In selected embodiments, a transmission element on a downhole component communicates with a transmission element on a separate downhole component by converting an electrical signal to a magnetic field or current. The magnetic field or current induces an electrical current in a corresponding transmission element, thereby recreating the original electrical signal. In other embodiments, a transmission element located on a downhole component may communicate with a transmission element on another downhole component due to direct electrical contact therebetween.

In another aspect of the present invention, a method for transmitting information between downhole components located on a downhole tool string includes mounting a transmission element, having a communicating surface, proximate a mating surface of a downhole component. Another transmission element, having a communicating surface, may be mounted proximate a mating surface of another downhole component, the mating surfaces of each downhole component being configured to contact one another. The method may further include biasing at least one transmission element with respect to a corresponding mating surface to close gaps present between communicating surfaces of the transmission elements.

BRIEF DESCRIPTION OF THE DRAWINGS

The foregoing and other features of the present invention will become more fully apparent from the following description, taken in conjunction with the accompanying drawings. Understanding that these drawings depict only typical embodiments in accordance with the invention and are, therefore, not to be considered limiting of its scope, the invention will be described with additional specificity and detail through use of the accompanying drawings.

FIG. 1 is a perspective view illustrating one embodiment of sections of downhole drilling pipe using transmission elements, in accordance with the invention, to transmit and receive information along a drill string.

FIG. 2 is a cross-sectional view illustrating one embodiment of gaps that may be present between a pin end and box end of downhole drilling components, thereby causing unreliable communication between transmission elements.

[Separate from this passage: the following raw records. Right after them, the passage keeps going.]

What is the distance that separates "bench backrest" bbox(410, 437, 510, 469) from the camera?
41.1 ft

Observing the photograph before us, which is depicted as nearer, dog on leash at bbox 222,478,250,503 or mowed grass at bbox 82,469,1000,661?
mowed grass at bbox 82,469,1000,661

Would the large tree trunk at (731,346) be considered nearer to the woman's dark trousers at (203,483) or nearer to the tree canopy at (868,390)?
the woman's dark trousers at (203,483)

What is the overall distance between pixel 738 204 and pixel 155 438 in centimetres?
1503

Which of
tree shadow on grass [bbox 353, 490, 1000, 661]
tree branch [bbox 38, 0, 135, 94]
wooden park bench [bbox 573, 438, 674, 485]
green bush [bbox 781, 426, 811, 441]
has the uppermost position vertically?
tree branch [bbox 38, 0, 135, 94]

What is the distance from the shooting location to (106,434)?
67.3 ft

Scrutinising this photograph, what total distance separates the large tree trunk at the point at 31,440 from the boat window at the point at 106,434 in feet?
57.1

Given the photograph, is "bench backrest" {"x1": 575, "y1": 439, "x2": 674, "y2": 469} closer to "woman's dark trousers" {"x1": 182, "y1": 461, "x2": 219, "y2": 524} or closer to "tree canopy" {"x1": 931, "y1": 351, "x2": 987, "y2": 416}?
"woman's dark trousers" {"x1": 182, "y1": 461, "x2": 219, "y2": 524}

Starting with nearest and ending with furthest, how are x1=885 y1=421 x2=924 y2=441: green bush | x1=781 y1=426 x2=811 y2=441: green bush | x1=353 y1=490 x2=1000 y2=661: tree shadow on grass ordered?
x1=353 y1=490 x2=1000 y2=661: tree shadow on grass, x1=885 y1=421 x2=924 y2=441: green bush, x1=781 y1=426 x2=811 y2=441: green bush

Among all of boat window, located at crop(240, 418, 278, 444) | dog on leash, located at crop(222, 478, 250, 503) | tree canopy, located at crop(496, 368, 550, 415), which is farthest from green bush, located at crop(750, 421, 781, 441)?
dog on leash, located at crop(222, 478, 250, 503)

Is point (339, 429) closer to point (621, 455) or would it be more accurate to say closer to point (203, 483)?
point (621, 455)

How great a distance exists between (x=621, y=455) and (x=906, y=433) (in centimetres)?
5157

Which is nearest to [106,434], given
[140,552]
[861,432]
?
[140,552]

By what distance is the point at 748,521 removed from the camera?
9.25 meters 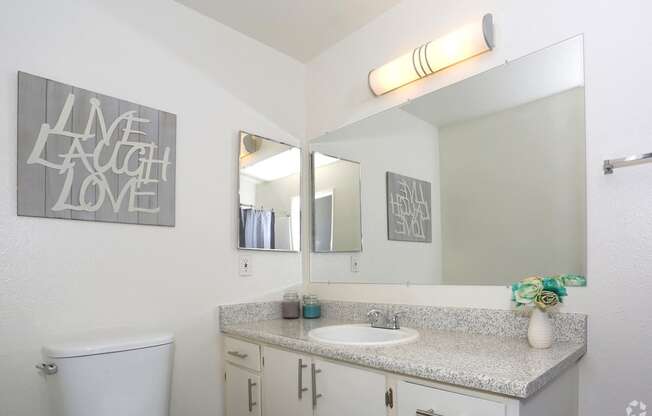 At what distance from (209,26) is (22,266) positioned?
1.38 m

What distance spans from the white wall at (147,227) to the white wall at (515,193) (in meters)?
1.01

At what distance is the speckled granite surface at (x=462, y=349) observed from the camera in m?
1.04

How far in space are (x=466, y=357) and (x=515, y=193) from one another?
677mm

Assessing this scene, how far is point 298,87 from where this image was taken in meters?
2.46

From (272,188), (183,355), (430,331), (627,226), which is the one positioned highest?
(272,188)

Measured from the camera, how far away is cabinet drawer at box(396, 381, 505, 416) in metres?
1.02

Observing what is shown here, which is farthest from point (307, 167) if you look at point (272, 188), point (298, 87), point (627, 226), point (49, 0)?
point (627, 226)

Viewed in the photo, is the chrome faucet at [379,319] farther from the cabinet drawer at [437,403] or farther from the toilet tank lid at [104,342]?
the toilet tank lid at [104,342]

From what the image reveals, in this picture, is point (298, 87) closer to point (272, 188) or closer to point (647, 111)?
point (272, 188)

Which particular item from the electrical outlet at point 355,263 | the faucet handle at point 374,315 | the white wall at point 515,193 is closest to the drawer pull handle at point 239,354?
the faucet handle at point 374,315

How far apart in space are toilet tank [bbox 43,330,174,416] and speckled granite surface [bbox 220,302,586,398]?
0.43 metres

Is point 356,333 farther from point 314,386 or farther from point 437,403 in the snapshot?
point 437,403

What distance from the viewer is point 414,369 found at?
115cm

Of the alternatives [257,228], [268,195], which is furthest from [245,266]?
[268,195] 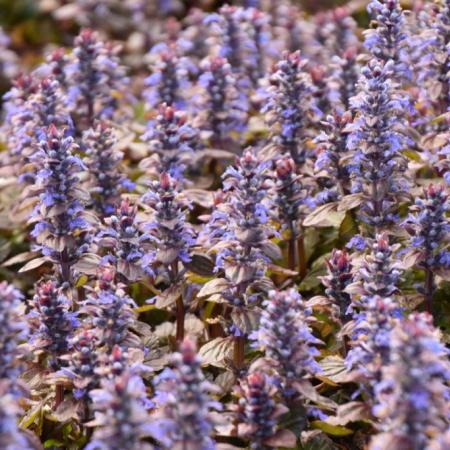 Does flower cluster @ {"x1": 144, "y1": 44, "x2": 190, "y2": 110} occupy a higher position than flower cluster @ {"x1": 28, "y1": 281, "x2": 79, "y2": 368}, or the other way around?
flower cluster @ {"x1": 144, "y1": 44, "x2": 190, "y2": 110}

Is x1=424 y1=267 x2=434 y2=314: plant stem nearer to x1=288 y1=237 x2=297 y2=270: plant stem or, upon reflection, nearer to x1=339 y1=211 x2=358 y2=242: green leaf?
x1=339 y1=211 x2=358 y2=242: green leaf

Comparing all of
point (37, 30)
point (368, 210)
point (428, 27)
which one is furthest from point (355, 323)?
point (37, 30)

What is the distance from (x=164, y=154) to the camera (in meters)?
5.77

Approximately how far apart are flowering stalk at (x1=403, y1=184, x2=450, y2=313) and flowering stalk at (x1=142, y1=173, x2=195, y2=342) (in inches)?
50.5

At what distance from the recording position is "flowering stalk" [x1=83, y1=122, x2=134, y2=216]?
574cm

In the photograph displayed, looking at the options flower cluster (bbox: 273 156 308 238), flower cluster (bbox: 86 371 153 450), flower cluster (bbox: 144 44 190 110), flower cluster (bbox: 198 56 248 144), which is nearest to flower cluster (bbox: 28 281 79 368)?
flower cluster (bbox: 86 371 153 450)

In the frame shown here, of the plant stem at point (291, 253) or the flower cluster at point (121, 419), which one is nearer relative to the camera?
the flower cluster at point (121, 419)

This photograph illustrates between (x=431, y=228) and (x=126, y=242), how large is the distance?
1726 millimetres

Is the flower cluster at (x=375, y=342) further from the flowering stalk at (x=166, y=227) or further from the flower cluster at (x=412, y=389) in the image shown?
the flowering stalk at (x=166, y=227)

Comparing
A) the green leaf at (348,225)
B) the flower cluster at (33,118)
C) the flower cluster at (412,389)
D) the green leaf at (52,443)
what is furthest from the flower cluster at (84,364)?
the green leaf at (348,225)

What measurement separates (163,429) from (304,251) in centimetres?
244

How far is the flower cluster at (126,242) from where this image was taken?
4.86 m

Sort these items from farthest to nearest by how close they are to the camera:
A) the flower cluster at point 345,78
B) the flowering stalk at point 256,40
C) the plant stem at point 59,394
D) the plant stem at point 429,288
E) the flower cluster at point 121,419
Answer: the flowering stalk at point 256,40, the flower cluster at point 345,78, the plant stem at point 429,288, the plant stem at point 59,394, the flower cluster at point 121,419

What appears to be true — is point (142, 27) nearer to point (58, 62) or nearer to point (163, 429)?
point (58, 62) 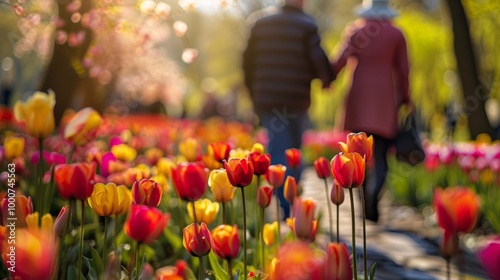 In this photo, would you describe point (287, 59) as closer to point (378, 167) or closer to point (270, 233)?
point (378, 167)

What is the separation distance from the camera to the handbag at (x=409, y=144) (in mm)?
5750

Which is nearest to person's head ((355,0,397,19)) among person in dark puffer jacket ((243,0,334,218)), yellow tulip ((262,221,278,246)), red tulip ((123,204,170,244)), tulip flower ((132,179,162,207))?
person in dark puffer jacket ((243,0,334,218))

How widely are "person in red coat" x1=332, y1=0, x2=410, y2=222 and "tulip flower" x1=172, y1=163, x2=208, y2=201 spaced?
3861mm

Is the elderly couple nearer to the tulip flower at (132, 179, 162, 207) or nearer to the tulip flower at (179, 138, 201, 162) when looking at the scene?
the tulip flower at (179, 138, 201, 162)

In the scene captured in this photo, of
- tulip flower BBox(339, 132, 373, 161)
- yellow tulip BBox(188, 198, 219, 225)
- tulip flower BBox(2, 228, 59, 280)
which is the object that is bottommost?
yellow tulip BBox(188, 198, 219, 225)

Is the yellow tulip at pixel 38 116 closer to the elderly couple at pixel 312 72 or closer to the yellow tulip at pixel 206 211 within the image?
the yellow tulip at pixel 206 211

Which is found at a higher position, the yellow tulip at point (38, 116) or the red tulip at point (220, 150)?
the yellow tulip at point (38, 116)

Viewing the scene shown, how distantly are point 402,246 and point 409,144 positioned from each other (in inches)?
41.5

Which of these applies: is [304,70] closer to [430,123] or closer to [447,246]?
[447,246]

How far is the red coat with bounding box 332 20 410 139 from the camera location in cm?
571

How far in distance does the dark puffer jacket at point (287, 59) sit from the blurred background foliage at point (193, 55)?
0.32m

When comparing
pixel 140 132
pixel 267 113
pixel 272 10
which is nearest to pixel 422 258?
pixel 267 113

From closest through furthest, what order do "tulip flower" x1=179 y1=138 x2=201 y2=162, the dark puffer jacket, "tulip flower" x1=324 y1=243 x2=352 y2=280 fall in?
"tulip flower" x1=324 y1=243 x2=352 y2=280
"tulip flower" x1=179 y1=138 x2=201 y2=162
the dark puffer jacket

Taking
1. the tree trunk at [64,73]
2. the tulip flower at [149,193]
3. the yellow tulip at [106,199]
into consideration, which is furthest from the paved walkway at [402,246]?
the tree trunk at [64,73] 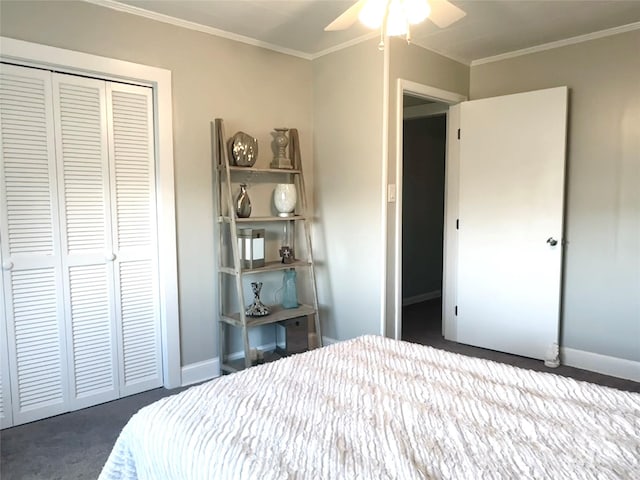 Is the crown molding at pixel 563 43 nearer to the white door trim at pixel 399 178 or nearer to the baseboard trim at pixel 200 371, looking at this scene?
the white door trim at pixel 399 178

FIG. 3 is a perspective cross-sectional view illustrating one a prior art embodiment of an improved transmission element retained within a recess of a box end or pin end of a downhole drilling component.

FIG. 4 is a cross sectional view illustrating one embodiment of transmission elements with respect to their mating surfaces.

FIG. 5 is a perspective cross sectional view of a recess comprising a side with multiple slopes.

FIG. 6 is a perspective cross sectional view of another embodiment of a recess comprising multiple slopes.

FIG. 7 is a perspective cross sectional view of a transmission element with respect to its mating surface.

FIG. 8 is a perspective view of a downhole tool string.

DETAILED DESCRIPTION OF THE INVENTION AND THE PREFERRED EMBODIMENT

It will be readily understood that the components of the present invention, as generally described and illustrated in the Figures herein, could be arranged and designed in a wide variety of different configurations. Thus, the following more detailed description of embodiments of apparatus and methods of the present invention, as represented in the Figures, is not intended to limit the scope of the invention, as claimed, but is merely representative of various selected embodiments of the invention.

It should also be noted that the reference numerals of the figures, when referring to specific examples, may be accompanied by a lower case letter for clarity, but when they are generically referenced in the specification they will not be necessarily be accompanied by a lower case letter. It would be apparent to one of ordinary skill in the art to apply the details described in the examples generally or vice versa.

Referring to FIG. 1, downhole components 10a, 10b, may be drill pipes or other downhole tools. Preferably the downhole components 10a, 10b are drill pipe, each with a pin end 12 and a box end 14. In certain embodiments, a pin end 12 may include an external threaded portion to engage an internal threaded portion of the box end 14. When threading a pin end 12 into a corresponding box end 14, various shoulders may engage one another to provide structural support to components connected in a downhole tool string.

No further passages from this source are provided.